着物業界には不思議なことがたくさんありますが、その不思議は
「なるほど!」と感動するものと、「なんで?」と疑問に思うものの2種類があります。
先日は「なんで?」と首をかしげてしまう出来事に遭遇したのですが、
そのことを通じて、
常識、非常識ってナンだろう? と考えさせられました。
たとえば、何かを「欲しい」と思ったとき。
ネットサーフィンをして、売っている場所を調べようとします。
だけど、「これっ」といった情報が出てこなかったり、
お店や企業のHPがなかったりすると、私たちは「なんで?」って思うのです。
「なんで、HPもないんだろう? いまどき」と。
そんな消費者の声にこたえようと、お店や企業はHPを作る。
だから、いまやなんでもかんでもネットで調べられるし、買える。
確かに、大変、便利です。
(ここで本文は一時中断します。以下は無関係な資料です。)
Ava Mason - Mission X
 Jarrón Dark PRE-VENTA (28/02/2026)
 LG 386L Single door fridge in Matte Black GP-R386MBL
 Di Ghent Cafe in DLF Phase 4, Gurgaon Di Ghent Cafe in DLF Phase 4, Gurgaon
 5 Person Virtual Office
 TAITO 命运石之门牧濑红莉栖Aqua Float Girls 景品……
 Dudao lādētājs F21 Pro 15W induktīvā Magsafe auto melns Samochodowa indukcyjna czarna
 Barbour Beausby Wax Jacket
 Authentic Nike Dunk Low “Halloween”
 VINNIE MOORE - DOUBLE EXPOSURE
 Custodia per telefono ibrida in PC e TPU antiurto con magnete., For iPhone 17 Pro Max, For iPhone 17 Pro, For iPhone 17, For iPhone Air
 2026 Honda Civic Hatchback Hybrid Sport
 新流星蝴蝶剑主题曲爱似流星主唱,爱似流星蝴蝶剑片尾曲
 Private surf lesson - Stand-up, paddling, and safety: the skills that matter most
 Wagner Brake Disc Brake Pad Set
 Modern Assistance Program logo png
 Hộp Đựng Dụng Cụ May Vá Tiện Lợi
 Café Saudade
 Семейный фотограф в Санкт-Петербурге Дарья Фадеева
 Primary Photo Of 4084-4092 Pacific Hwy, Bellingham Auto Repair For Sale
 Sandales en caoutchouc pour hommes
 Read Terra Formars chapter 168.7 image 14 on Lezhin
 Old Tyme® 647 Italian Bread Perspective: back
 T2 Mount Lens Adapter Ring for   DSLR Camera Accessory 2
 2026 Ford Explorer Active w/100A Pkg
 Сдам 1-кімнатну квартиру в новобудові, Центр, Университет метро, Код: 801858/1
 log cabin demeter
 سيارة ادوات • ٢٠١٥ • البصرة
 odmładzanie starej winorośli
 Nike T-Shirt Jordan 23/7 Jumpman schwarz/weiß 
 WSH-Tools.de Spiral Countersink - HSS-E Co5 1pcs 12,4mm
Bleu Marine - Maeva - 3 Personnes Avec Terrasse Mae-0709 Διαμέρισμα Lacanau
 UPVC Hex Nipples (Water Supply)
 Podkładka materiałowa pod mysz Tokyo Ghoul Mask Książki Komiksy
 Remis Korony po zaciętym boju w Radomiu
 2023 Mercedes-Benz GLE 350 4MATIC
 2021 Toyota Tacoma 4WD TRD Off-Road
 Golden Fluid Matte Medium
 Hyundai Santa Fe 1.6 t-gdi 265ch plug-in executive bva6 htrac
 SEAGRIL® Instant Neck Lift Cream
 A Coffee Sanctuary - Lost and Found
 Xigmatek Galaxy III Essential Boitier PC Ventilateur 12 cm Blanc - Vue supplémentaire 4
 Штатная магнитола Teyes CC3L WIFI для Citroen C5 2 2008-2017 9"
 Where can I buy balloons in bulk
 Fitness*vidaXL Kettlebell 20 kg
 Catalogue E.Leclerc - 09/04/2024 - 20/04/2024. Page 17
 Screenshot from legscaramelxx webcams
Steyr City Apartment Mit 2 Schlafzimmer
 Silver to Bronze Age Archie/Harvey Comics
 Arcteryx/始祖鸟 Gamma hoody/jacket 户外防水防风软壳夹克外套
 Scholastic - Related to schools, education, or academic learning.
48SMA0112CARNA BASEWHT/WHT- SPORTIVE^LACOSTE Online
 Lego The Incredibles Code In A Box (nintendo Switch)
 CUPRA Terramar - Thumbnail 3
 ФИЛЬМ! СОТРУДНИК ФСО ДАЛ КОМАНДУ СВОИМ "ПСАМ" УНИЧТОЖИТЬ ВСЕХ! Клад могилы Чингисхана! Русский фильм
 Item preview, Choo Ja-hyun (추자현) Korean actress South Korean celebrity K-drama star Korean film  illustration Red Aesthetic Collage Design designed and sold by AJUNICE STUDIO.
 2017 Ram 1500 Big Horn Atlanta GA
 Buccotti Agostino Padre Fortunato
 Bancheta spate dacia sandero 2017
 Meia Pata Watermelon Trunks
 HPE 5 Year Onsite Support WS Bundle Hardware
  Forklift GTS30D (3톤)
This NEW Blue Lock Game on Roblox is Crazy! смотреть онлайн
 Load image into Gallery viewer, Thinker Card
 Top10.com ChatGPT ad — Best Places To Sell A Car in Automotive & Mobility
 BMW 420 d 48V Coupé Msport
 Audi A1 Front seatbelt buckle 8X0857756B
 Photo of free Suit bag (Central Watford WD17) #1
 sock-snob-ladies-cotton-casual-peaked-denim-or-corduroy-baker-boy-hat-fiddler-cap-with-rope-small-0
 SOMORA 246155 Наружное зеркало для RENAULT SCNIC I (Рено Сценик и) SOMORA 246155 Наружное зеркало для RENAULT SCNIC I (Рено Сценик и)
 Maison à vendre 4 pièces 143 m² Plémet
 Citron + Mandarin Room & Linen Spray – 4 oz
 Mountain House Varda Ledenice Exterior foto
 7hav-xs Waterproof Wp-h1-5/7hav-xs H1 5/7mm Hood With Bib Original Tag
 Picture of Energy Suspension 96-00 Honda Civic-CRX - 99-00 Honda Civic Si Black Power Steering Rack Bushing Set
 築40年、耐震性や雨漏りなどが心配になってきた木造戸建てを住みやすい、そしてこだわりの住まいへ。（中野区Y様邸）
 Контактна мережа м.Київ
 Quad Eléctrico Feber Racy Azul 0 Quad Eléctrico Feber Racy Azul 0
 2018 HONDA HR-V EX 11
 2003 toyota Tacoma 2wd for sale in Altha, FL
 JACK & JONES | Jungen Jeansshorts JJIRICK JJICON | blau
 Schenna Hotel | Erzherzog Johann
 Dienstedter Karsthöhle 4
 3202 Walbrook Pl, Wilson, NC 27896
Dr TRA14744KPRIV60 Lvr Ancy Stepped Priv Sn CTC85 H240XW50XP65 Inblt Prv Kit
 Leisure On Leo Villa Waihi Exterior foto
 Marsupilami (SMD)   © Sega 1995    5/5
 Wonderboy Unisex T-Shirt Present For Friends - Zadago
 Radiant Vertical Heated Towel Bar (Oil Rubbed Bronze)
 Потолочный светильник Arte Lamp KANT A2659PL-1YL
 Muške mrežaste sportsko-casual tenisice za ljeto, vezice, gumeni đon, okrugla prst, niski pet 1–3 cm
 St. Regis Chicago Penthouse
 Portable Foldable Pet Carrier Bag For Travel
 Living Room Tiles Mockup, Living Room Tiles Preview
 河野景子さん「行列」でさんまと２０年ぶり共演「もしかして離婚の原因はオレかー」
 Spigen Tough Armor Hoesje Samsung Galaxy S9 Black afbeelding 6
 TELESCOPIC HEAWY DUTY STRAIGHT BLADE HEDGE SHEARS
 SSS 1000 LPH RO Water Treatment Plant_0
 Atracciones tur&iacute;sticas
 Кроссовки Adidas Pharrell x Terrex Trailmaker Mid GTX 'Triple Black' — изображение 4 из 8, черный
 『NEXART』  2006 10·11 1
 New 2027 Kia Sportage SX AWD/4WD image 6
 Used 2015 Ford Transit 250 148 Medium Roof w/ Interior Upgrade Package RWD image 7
だけど、
それが、当たり前だと思っているから、
ネットで調べられないことに対して、不快感を抱いてしまう。
「不親切だ」、「不便だ」と。
ネットで調べられないことが、そんなにいけないことなのかしら? と
自戒を込めて、思ったのです。
着物を着ていると、「出会い」としか形容できない買い物をすることがあります。
昨日出かけた「日本のおしゃれ展」併設の催事には、
足袋屋さんが出店していて、サイズを見てくれました。
その結果、私の積年の
「足袋のサイズが分かりません」問題が解決しました。
この道50年というオジサンが、私の素足をひと目見て「あなたはコレね」と
サンプルの足袋を探し出し、履かせてくれる。
あら、ビックリ。こんなにすごいフィット感、初めてだわ!
正しい足袋の履き方や洗い方を教えてもらい、
目からうろこが落ちすぎて、ドライアイが悪化したほどです。
こういう経験はネットではできないなあと、
嬉しい気持ちになったのです。
ネットは確かに便利。
だけど、職人さんの「技」とか、長年の「経験」とか、
そういうものに触れる機会を失ってしまうのも事実。
時間はかかるけれど、自分の足で欲しいものを探すのも、
着物ライフの醍醐味のひとつです。
冒頭で述べた「なんで?」な出来事は、ネットに慣れ親しんだものとしては
ちょっと不快な出来事でした。
でも、ネットが当たり前になっているから、
不快に感じるということに気がついた途端、
「アナログであることにも意味があるのだ」と、しみじみ感じたのでした。